**MATERIAL SUPPLIED:**
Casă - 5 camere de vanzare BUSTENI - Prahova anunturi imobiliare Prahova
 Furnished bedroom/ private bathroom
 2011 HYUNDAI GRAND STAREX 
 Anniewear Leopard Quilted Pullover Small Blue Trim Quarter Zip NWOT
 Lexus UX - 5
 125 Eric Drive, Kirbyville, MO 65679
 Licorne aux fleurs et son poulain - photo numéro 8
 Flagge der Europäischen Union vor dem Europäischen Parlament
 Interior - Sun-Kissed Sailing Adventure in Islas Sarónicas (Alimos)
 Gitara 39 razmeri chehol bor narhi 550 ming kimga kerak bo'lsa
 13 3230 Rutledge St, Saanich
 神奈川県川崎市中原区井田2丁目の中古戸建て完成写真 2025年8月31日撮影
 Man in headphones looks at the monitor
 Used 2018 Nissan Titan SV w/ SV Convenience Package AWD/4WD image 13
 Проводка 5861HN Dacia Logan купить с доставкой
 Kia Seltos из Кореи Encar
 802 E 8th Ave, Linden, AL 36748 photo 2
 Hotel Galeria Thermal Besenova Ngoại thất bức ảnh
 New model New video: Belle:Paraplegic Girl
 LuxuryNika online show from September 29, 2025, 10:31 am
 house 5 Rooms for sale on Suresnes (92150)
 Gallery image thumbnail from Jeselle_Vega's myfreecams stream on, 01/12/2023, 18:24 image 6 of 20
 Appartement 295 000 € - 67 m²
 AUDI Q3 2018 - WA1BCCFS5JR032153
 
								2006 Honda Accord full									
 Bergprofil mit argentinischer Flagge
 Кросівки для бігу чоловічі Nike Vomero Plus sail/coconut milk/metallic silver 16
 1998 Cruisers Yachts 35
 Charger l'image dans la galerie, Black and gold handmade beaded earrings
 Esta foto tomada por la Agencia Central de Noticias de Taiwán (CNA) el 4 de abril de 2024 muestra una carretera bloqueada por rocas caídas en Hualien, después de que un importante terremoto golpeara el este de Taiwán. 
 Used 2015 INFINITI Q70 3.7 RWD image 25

**YOUR GOAL:** The records above should all be quoted exactly, please.

**RESPONSE TO THIS TASK:**
Casă - 5 camere de vanzare BUSTENI - Prahova anunturi imobiliare Prahova
 Furnished bedroom/ private bathroom
 2011 HYUNDAI GRAND STAREX 
 Anniewear Leopard Quilted Pullover Small Blue Trim Quarter Zip NWOT
 Lexus UX - 5
 125 Eric Drive, Kirbyville, MO 65679
 Licorne aux fleurs et son poulain - photo numéro 8
 Flagge der Europäischen Union vor dem Europäischen Parlament
 Interior - Sun-Kissed Sailing Adventure in Islas Sarónicas (Alimos)
 Gitara 39 razmeri chehol bor narhi 550 ming kimga kerak bo'lsa
 13 3230 Rutledge St, Saanich
 神奈川県川崎市中原区井田2丁目の中古戸建て完成写真 2025年8月31日撮影
 Man in headphones looks at the monitor
 Used 2018 Nissan Titan SV w/ SV Convenience Package AWD/4WD image 13
 Проводка 5861HN Dacia Logan купить с доставкой
 Kia Seltos из Кореи Encar
 802 E 8th Ave, Linden, AL 36748 photo 2
 Hotel Galeria Thermal Besenova Ngoại thất bức ảnh
 New model New video: Belle:Paraplegic Girl
 LuxuryNika online show from September 29, 2025, 10:31 am
 house 5 Rooms for sale on Suresnes (92150)
 Gallery image thumbnail from Jeselle_Vega's myfreecams stream on, 01/12/2023, 18:24 image 6 of 20
 Appartement 295 000 € - 67 m²
 AUDI Q3 2018 - WA1BCCFS5JR032153
 
								2006 Honda Accord full									
 Bergprofil mit argentinischer Flagge
 Кросівки для бігу чоловічі Nike Vomero Plus sail/coconut milk/metallic silver 16
 1998 Cruisers Yachts 35
 Charger l'image dans la galerie, Black and gold handmade beaded earrings
 Esta foto tomada por la Agencia Central de Noticias de Taiwán (CNA) el 4 de abril de 2024 muestra una carretera bloqueada por rocas caídas en Hualien, después de que un importante terremoto golpeara el este de Taiwán. 
 Used 2015 INFINITI Q70 3.7 RWD image 25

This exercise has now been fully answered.